A simple solution to the MIL problem is to treat each instance in a bag as a single instance (SI) that inherits the label of its bag. Each SI in a bag are labeled with a single-instance estimator, and the bag label is reduced from some metric (mode, threshold, presence) of the SI observations. Official terms include presence based, threshold based, or count based concepts (see A two-level learning method for generalized multi-instance problems by Weidmann Nils et. al.).

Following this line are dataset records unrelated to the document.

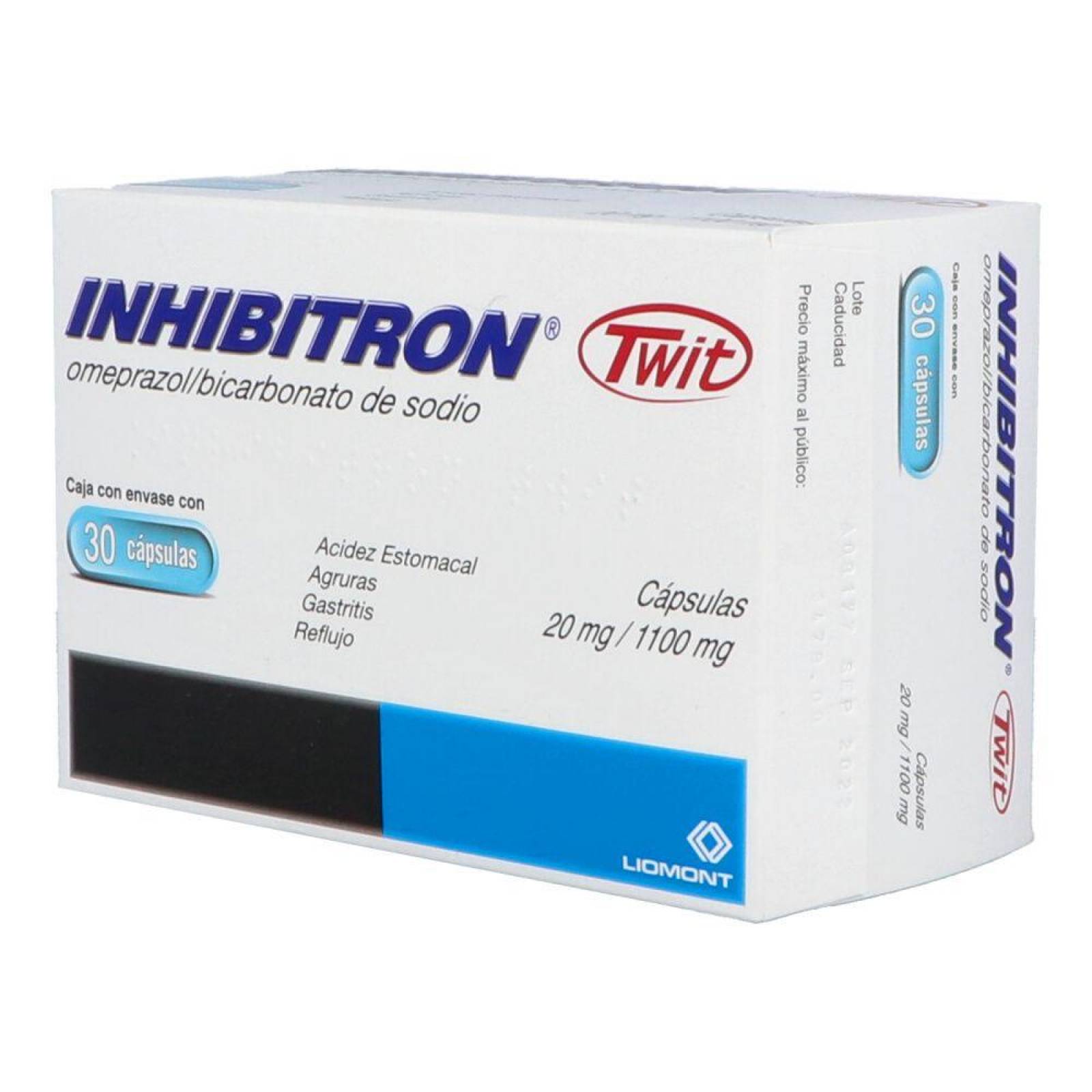 Inhibitron Twit 20mg / 1100 mg Caja Con Envase 30 Cápsulas 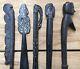 5 x MASSIM / PAPUA NEW GUINEA (PNG) ARTEFACTS SPATULAS, PESTLE & PIG STICK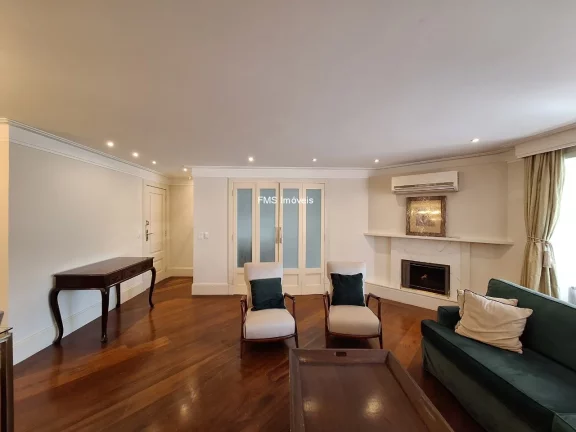 Imagem Apartamento para locação em Moema, com 4 suítes, 1 sala, 4 banheiros, 2 vagas, 147m²!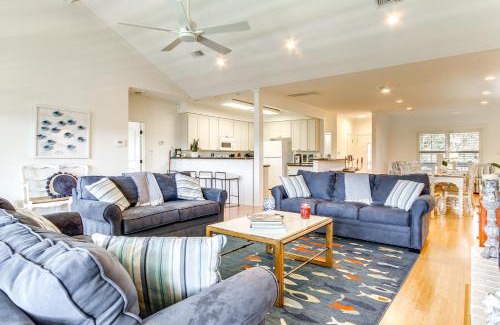 Shoreline Park House | Pool, Dock and Tennis Court Home in Bay St Louis!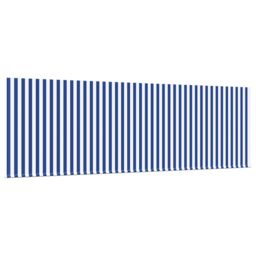 Berkfield Home Retractable Awning Manual Blue & white White 350 x 200 cm - thumbnail 4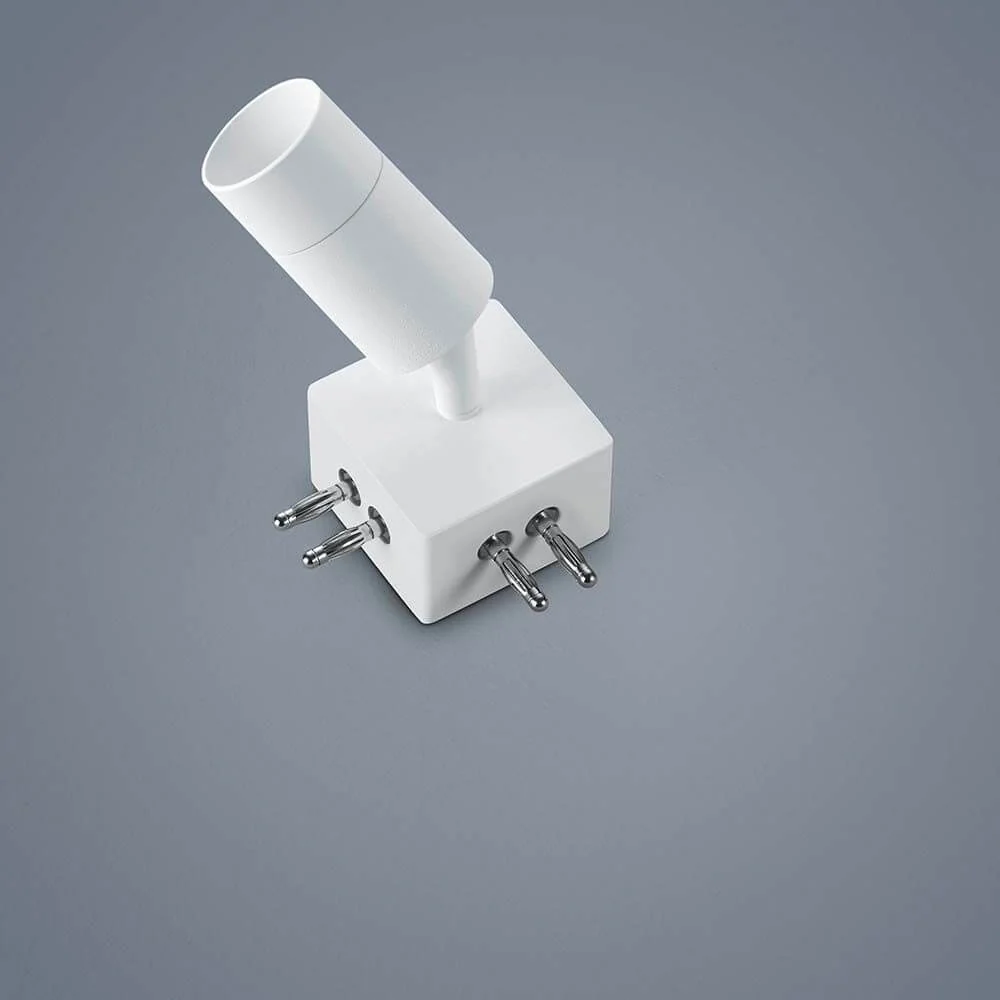 Spotlight LED 90 ° Conector Vigo branco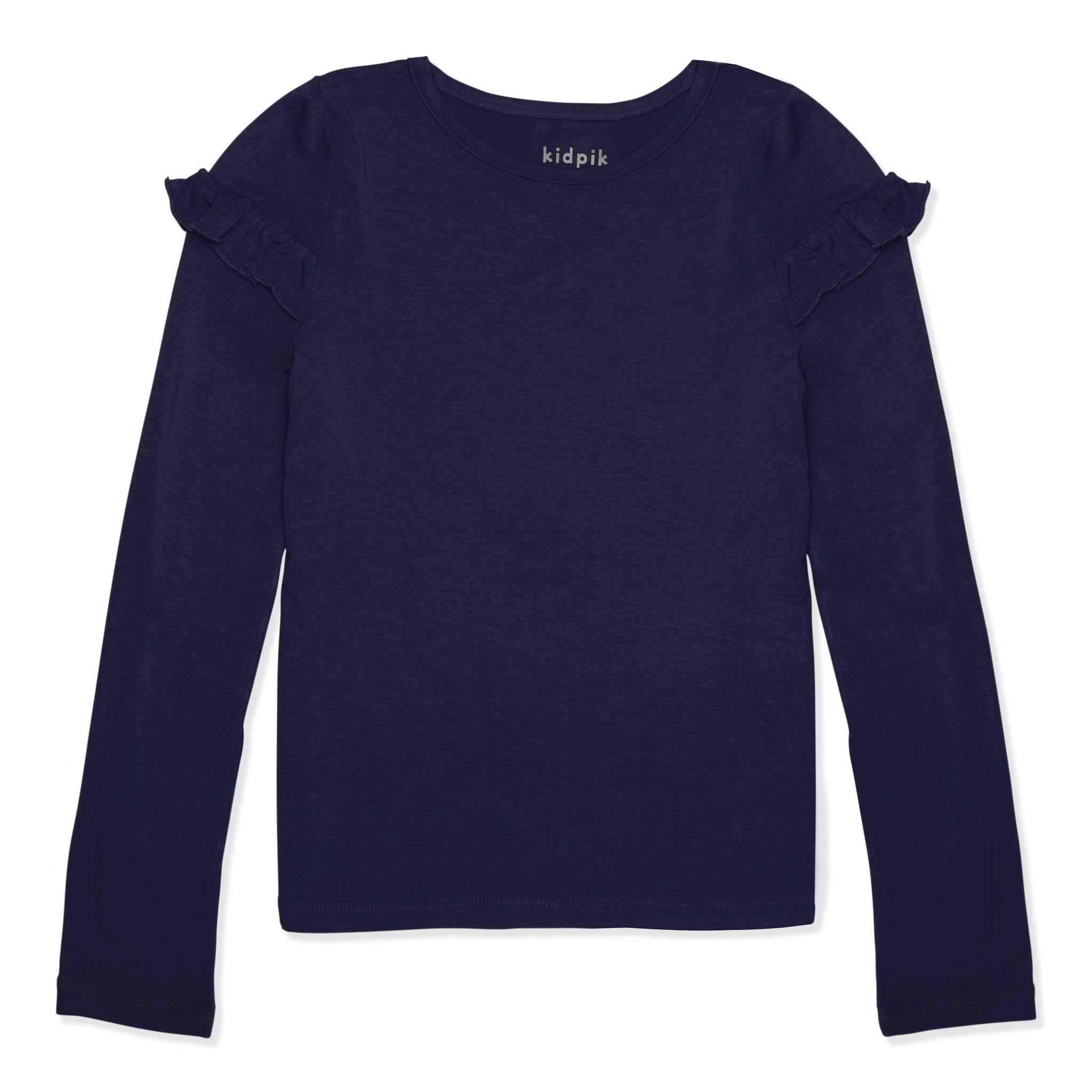 KIDPIK Girls Long Sleeve Ruffle Pullover T-Shirt, Size: XXS (4) - XL ...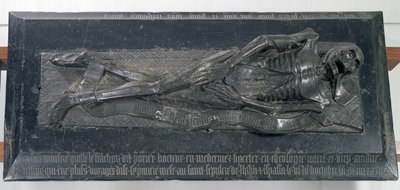 Bild av Guillaume Lefranchois (d.1446) känd som Potier, doktor och kanon av Bethune, 1446 av French School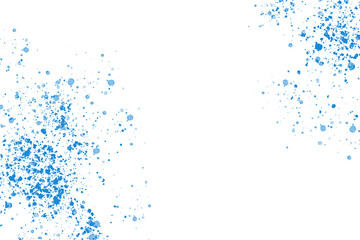 Light blue lilac splatter effect. Soft watercolor paint splashes isolated on transparent background, natural diagonal scatter, minimal and airy. Perfect overlay for template, greeting.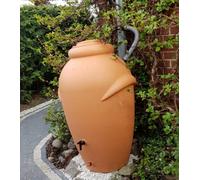 B2C Rainwater Tank Water Butt Plastic Container Garden Storage Barrel 360 L Brick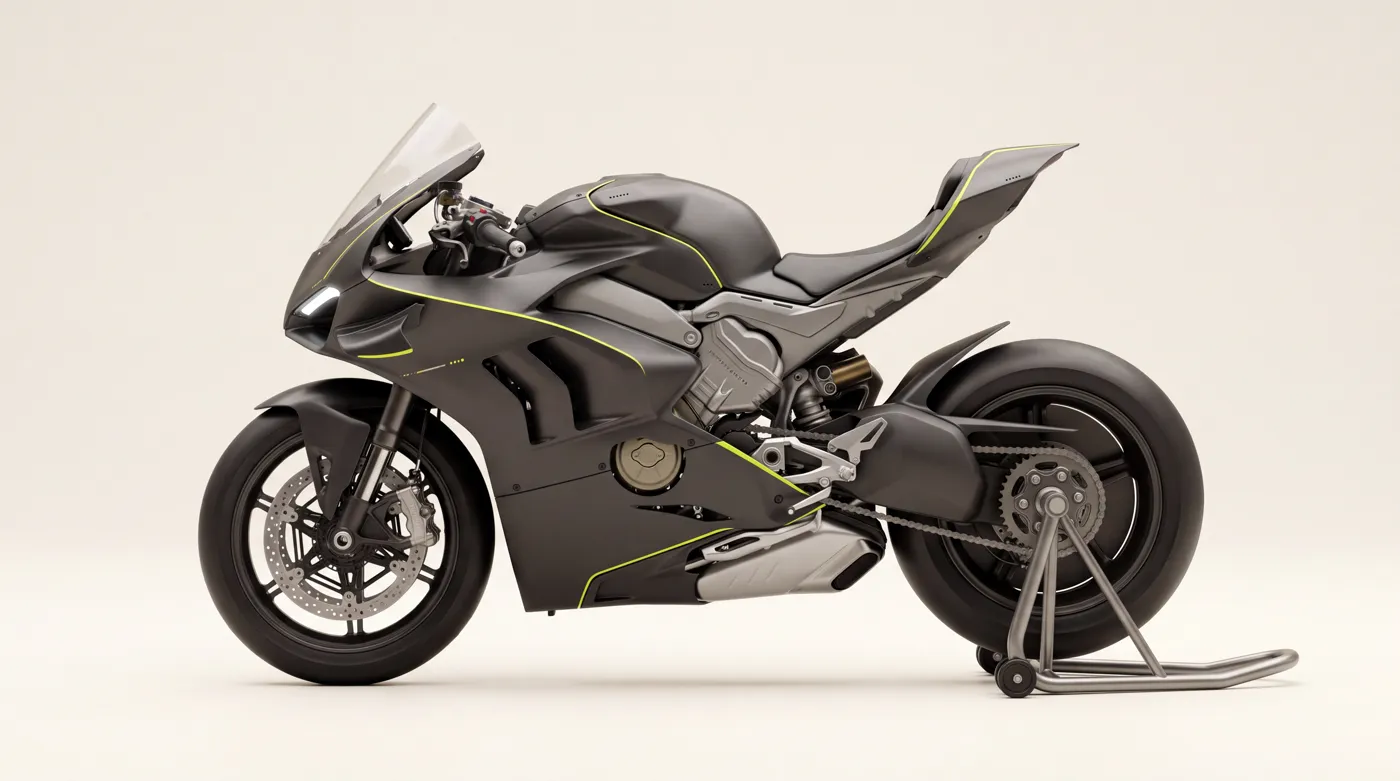 APEX hypersport in exact side profile on a bone-white studio background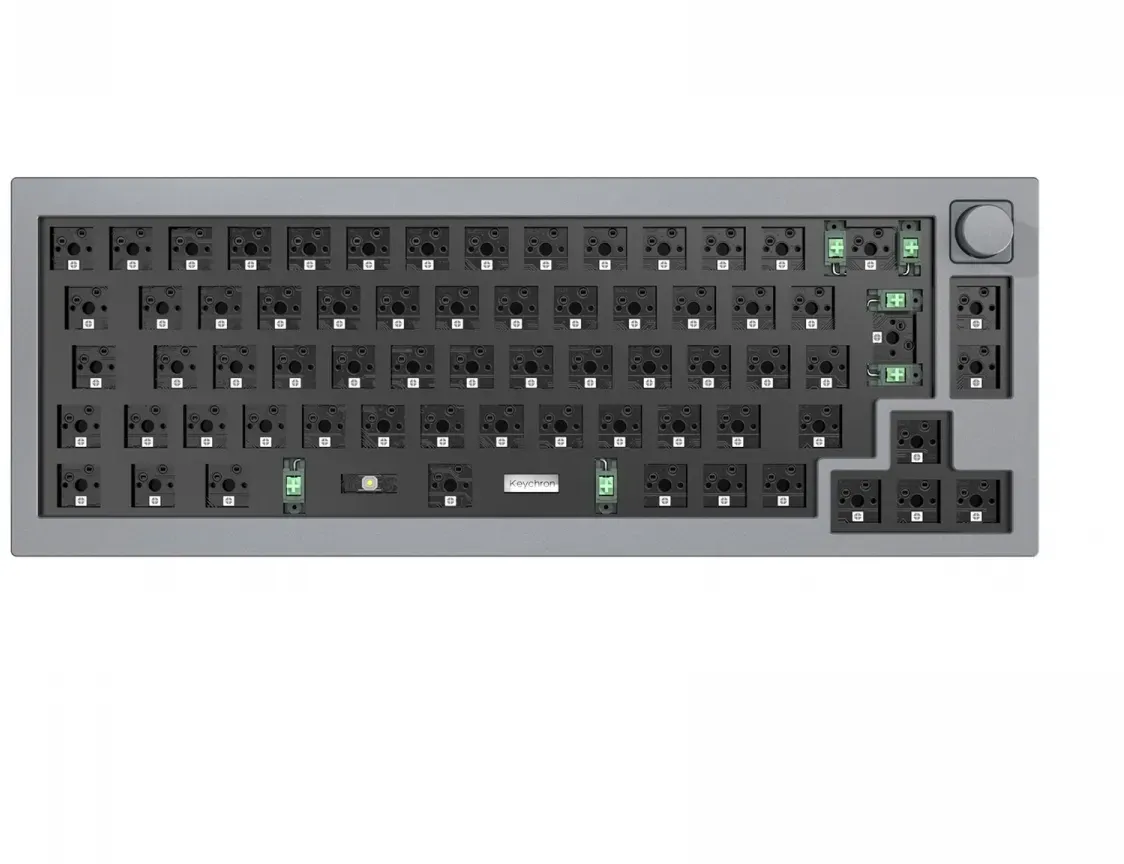 Keychron Q2 QMK ISO Barebone Knob Version - Silver Grey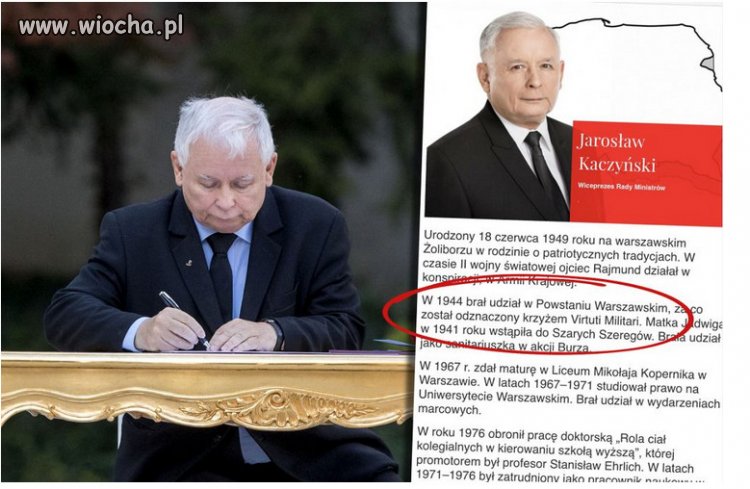 Biogram Jarosława Kaczyńskiego na stronie KPRM.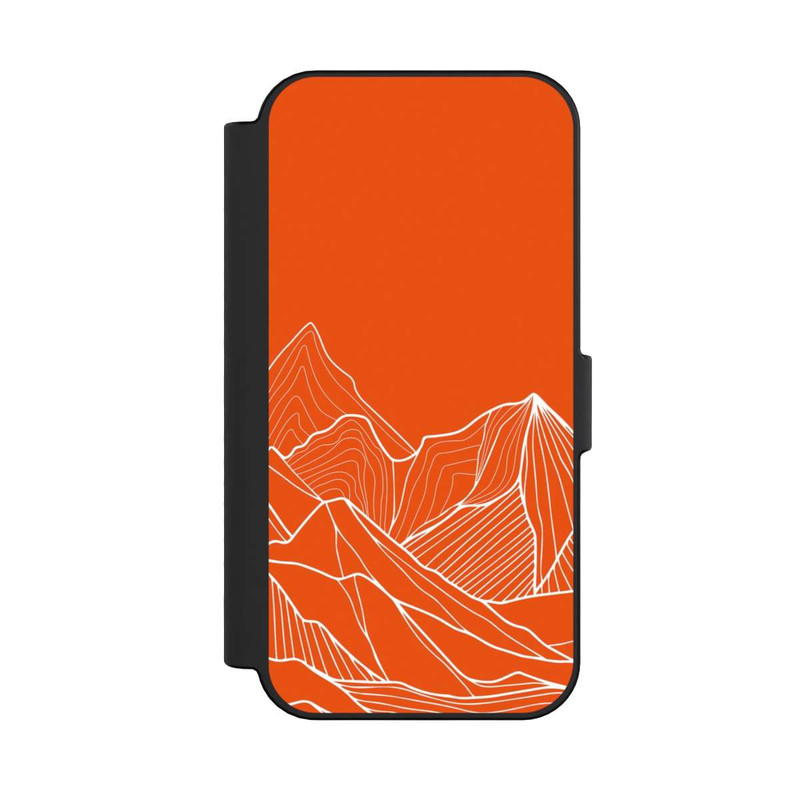 iPhone 16 NIVOflip Dessin de contour de montagne orange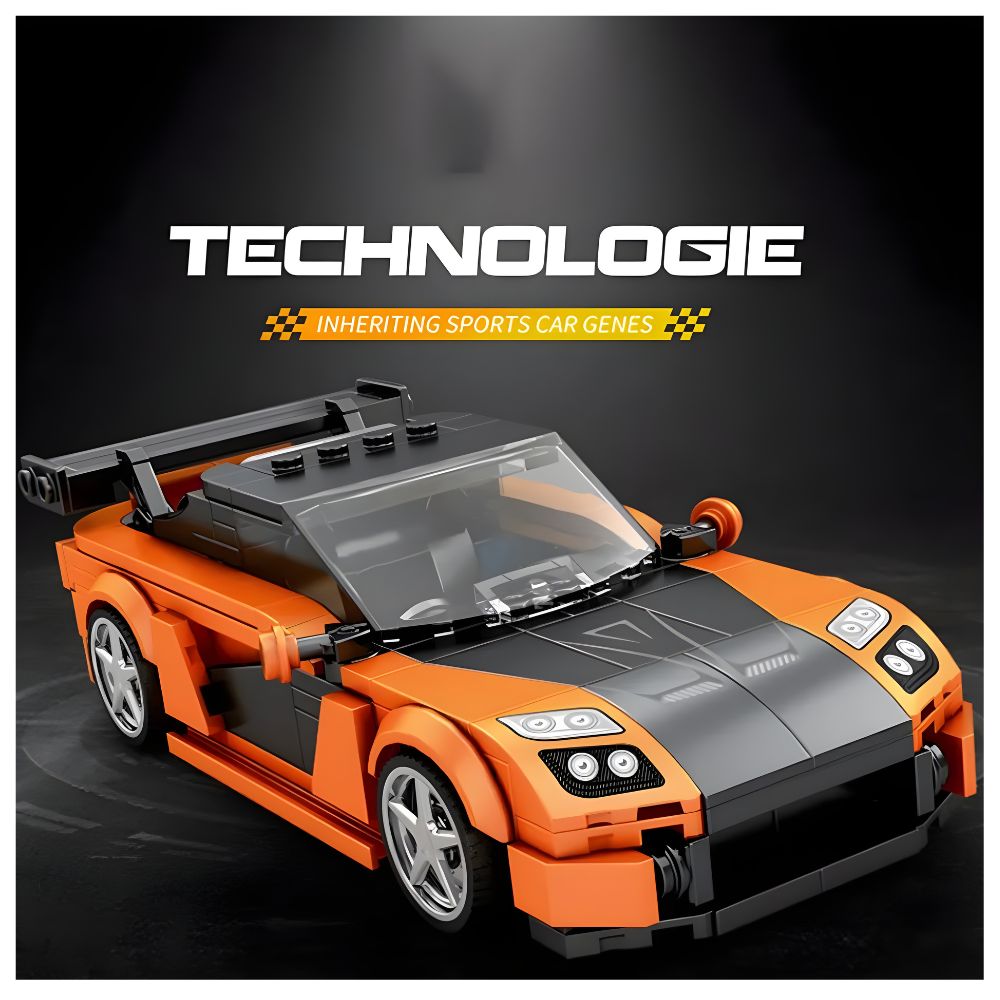 BLOQUES DE CONSTRUCCIÓN AUTO DE CARRERA MODELO RX7 367 PZS - 2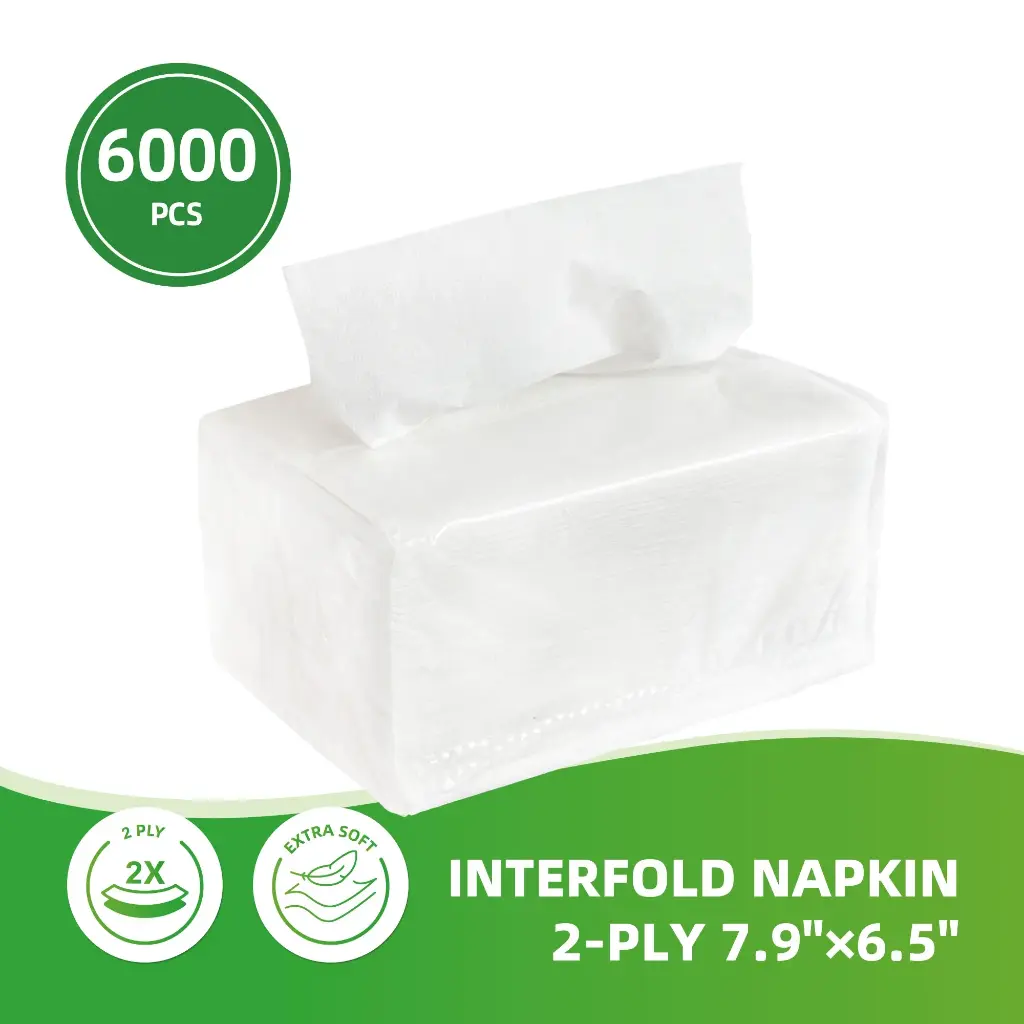 Interfold napkin 2-PLY 7.9"×6.5" - 6000 pcs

This package fits into Scikit-learn cross-validation framework, and allows us to use traditional single-instance classifiers to predict on bag-level data for multiple instance labeling.

This package supports:

  1. The usage of scikit-learn estimators in a cross-validation framework for multiple-instance-labeling with bag-label inference from single-instance labels
  2. The use of scikit-learn evaluation metrics with cross-evaluation measured against the MIL problem

Motivation

scikit-learn is a popular tool for data analysis, and includes APIs for SI estimators. It includes a convenient API for evaluating SI estimators, namely cross_validate

This package uses sklearn's cross_validate method and extends it to MIL for SI estimators.

Usage example

# Python imports

# Third party imports
import numpy as np
from sklearn.metrics import accuracy_score, precision_score, jaccard_score
from sklearn.model_selection import ShuffleSplit
from sklearn.dummy import DummyClassifier
from sklearn.neighbors import RadiusNeighborsClassifier
from sklearn.metrics import make_scorer

# Local imports
from bag_cross_validate import cross_validate_bag, BagScorer, bags_2_si

# Global definitions

#%%

# Create some dummy data
"""Generate some dummy data
Create bags and single-instance data
A set of bags have a shape [n x (m x p)], and can be through of as an
array of bag instances.
n is the number of bags
m is the number of instances within each bag (this can vary between bags)
p is the feature space of each instance"""
n_bags = 1000
m_instances = 8 # Static number of bags
p = 5
bags = []
# 25% negative class, 75% positive class
# Bags are created with random data, of shape (n, (m,p))
labels = np.concatenate((np.ones(int(n_bags*0.5)),
                         np.zeros(int(n_bags*(1-0.5))),
                         ))
bags = np.random.randint(low=0, high=2, size=(n_bags, m_instances, p))
print("This is what a bag looks like: \n{}".format(bags[0]))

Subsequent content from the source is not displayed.